Records drawn from a dataset:

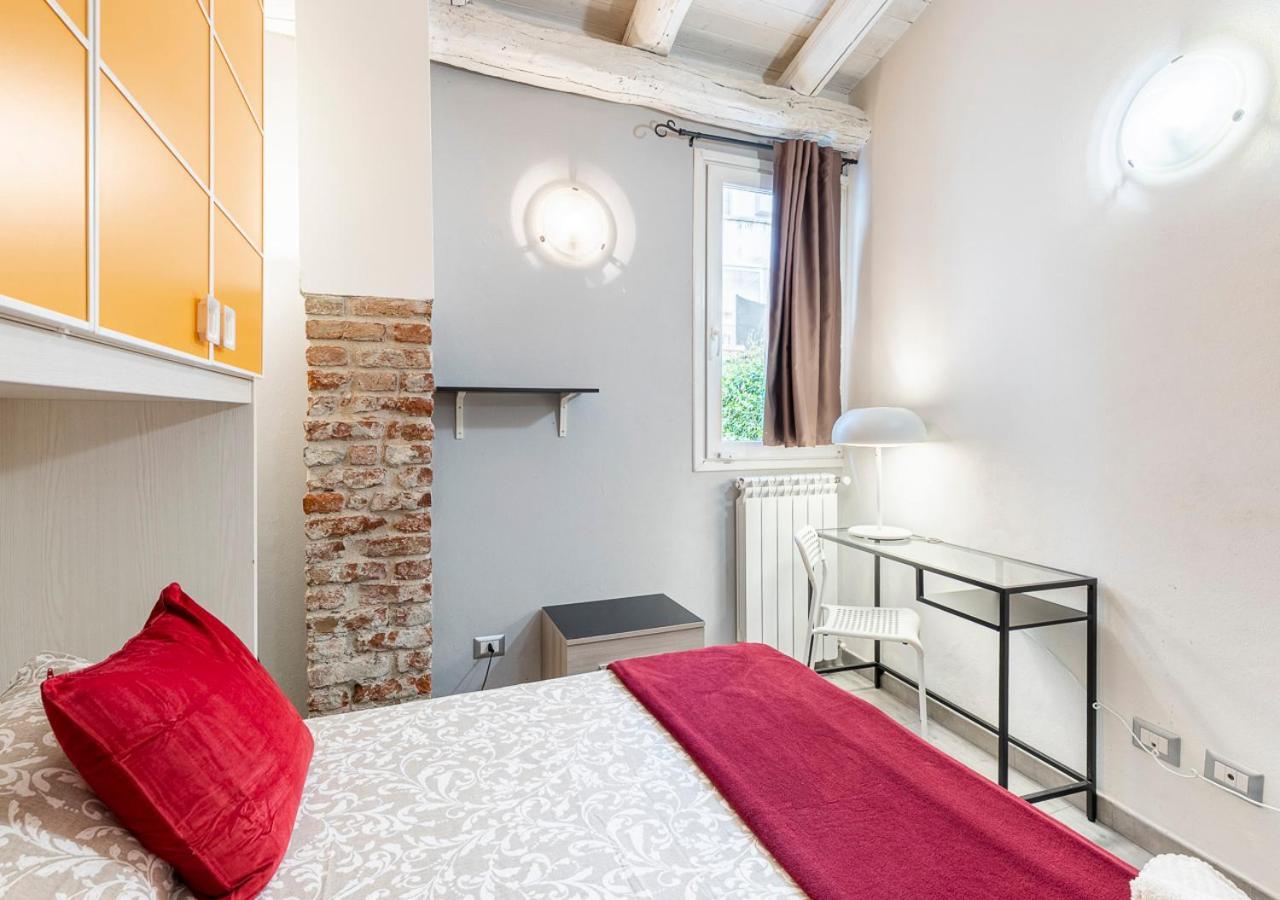 Otherside House In Torino Appartement Buitenkant foto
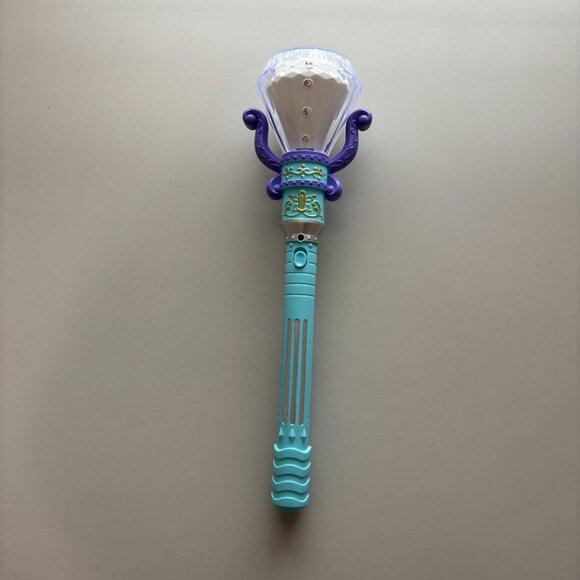 Frozen, Queen Elsa, complete dress up kit! Dress plays 2 songs, wand lights up! - Picture 11 of 12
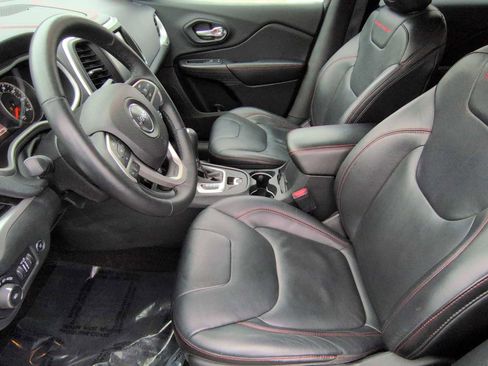 Used 2015 Jeep Cherokee Trailhawk w/ Comfort/Convenience Group image 10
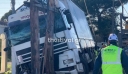 Ωραιόκαστρο: Φορτηγό καρφώθηκε σε κολώνα της ΔΕΗ – Δείτε φωτογραφίες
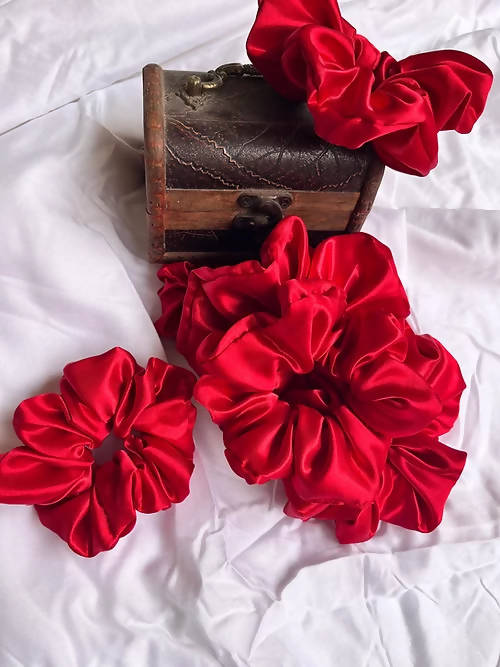 Diva Globe Red Bold Scrunchies - Distacart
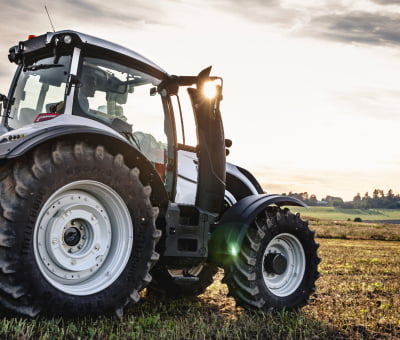 В чому особливість тракторів Valtra T-серії? В чому особливість тракторів Valtra T-серії?
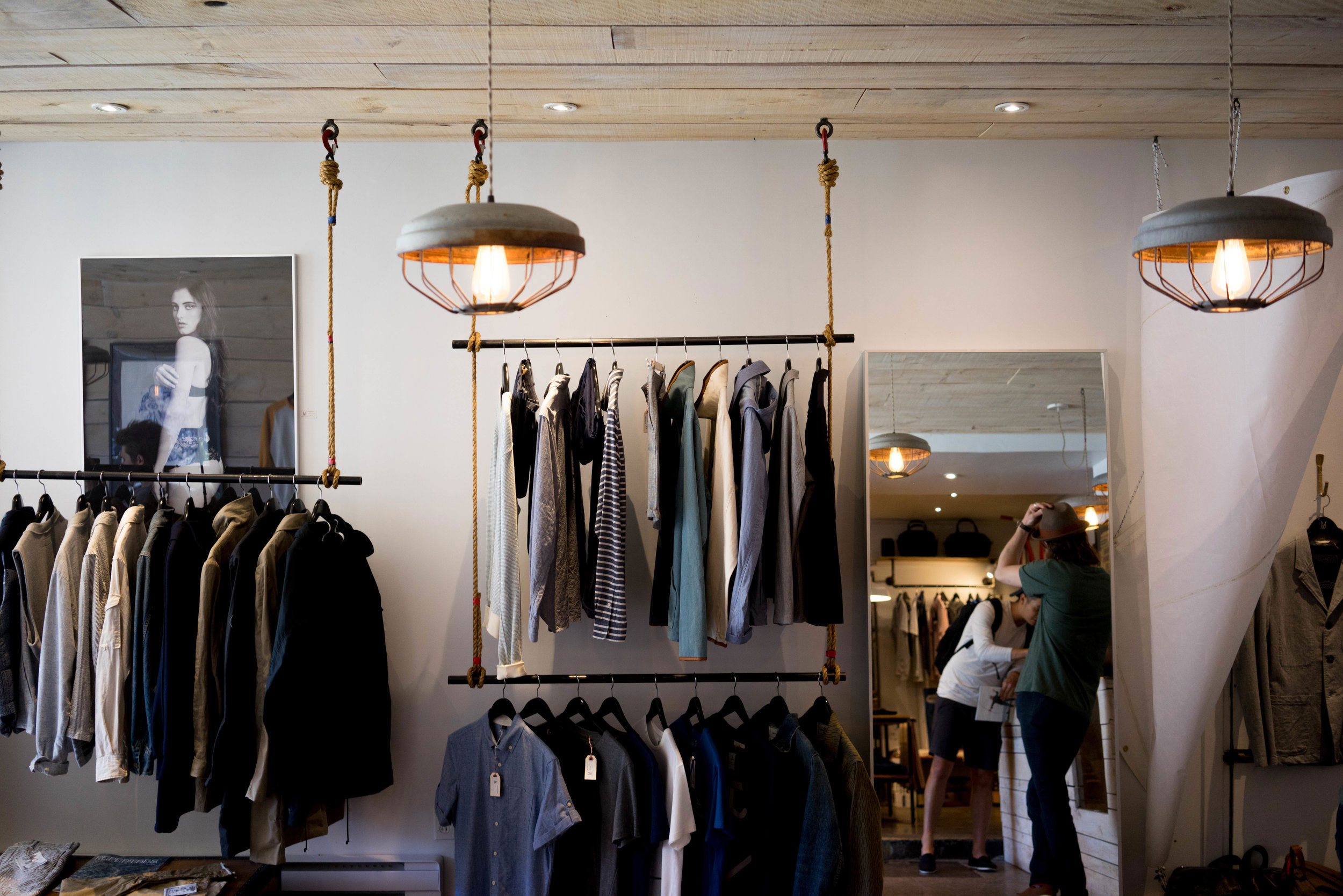 clothing store lighting, apparel store lighting
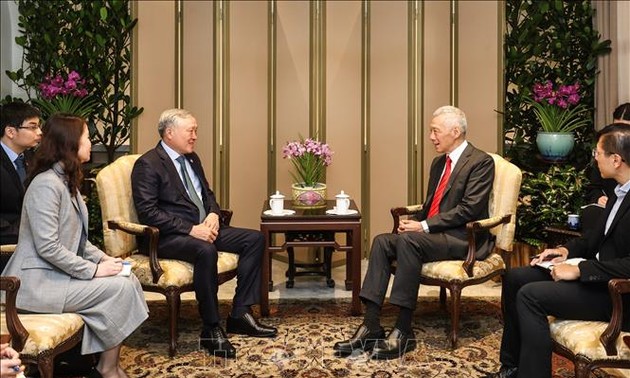 Singapore, Vietnam promote links between International Financial Centers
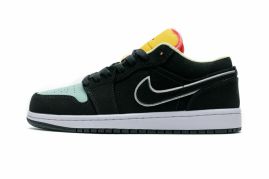 Picture of Air Jordan 1 Low _SKUfc4202389fc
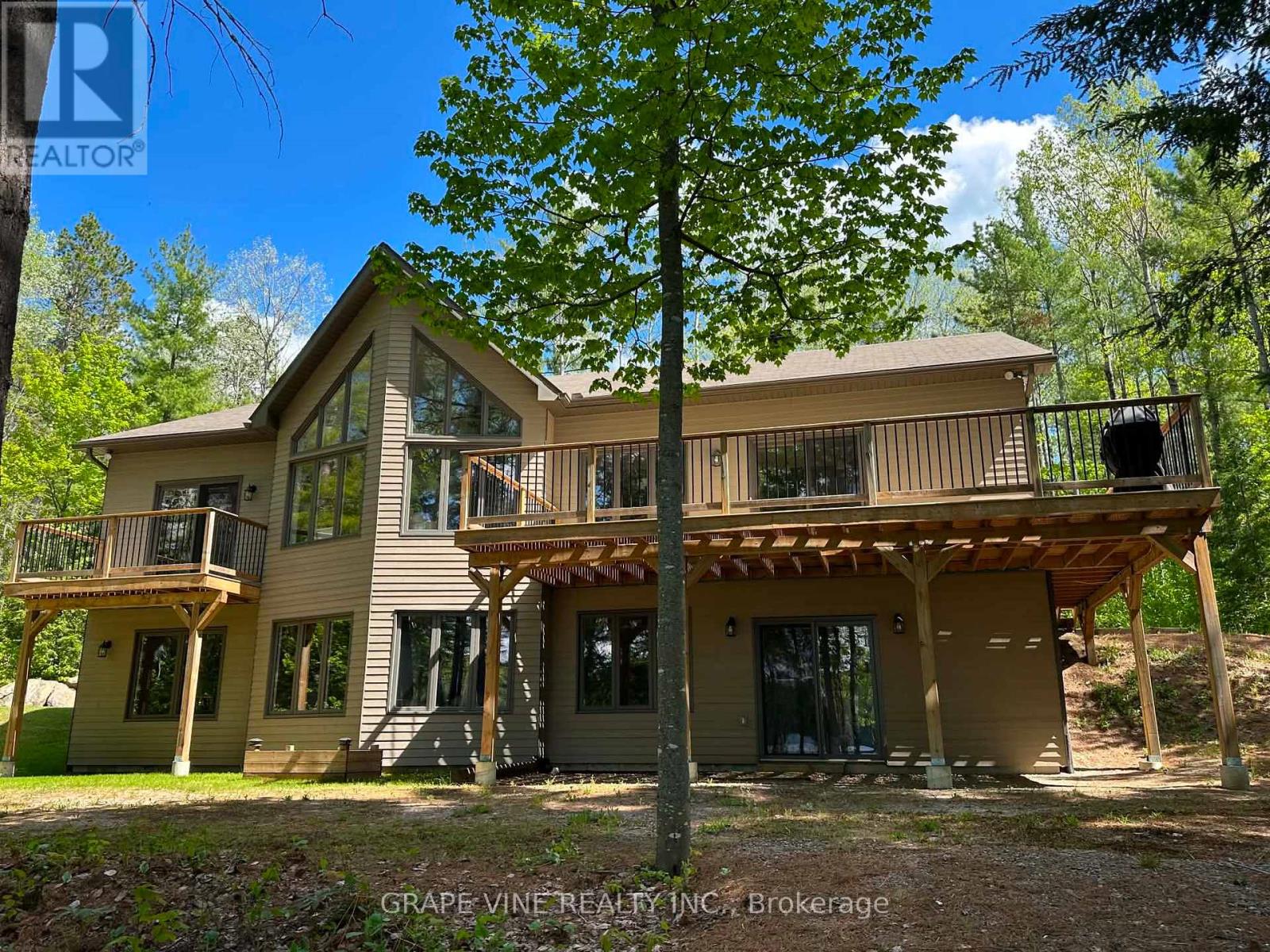 424 LAKEWOODS DRIVE, Madawaska Valley, Ontario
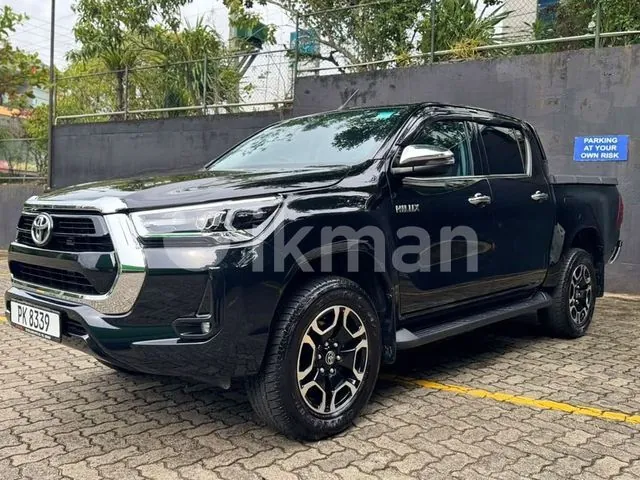 Toyota Hilux 2025 photo 4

_What is expected_.
Verbatim copy with pictures excluded: write out the records above in full.

_Response box_.
 Otherside House In Torino Appartement Buitenkant foto
 Frozen, Queen Elsa, complete dress up kit! Dress plays 2 songs, wand lights up! - Picture 11 of 12
 Used 2015 Jeep Cherokee Trailhawk w/ Comfort/Convenience Group image 10
 Ωραιόκαστρο: Φορτηγό καρφώθηκε σε κολώνα της ΔΕΗ – Δείτε φωτογραφίες
 Diva Globe Red Bold Scrunchies - Distacart
 В чому особливість тракторів Valtra T-серії? В чому особливість тракторів Valtra T-серії?
 clothing store lighting, apparel store lighting
 Singapore, Vietnam promote links between International Financial Centers
 Picture of Air Jordan 1 Low _SKUfc4202389fc
 424 LAKEWOODS DRIVE, Madawaska Valley, Ontario
 Toyota Hilux 2025 photo 4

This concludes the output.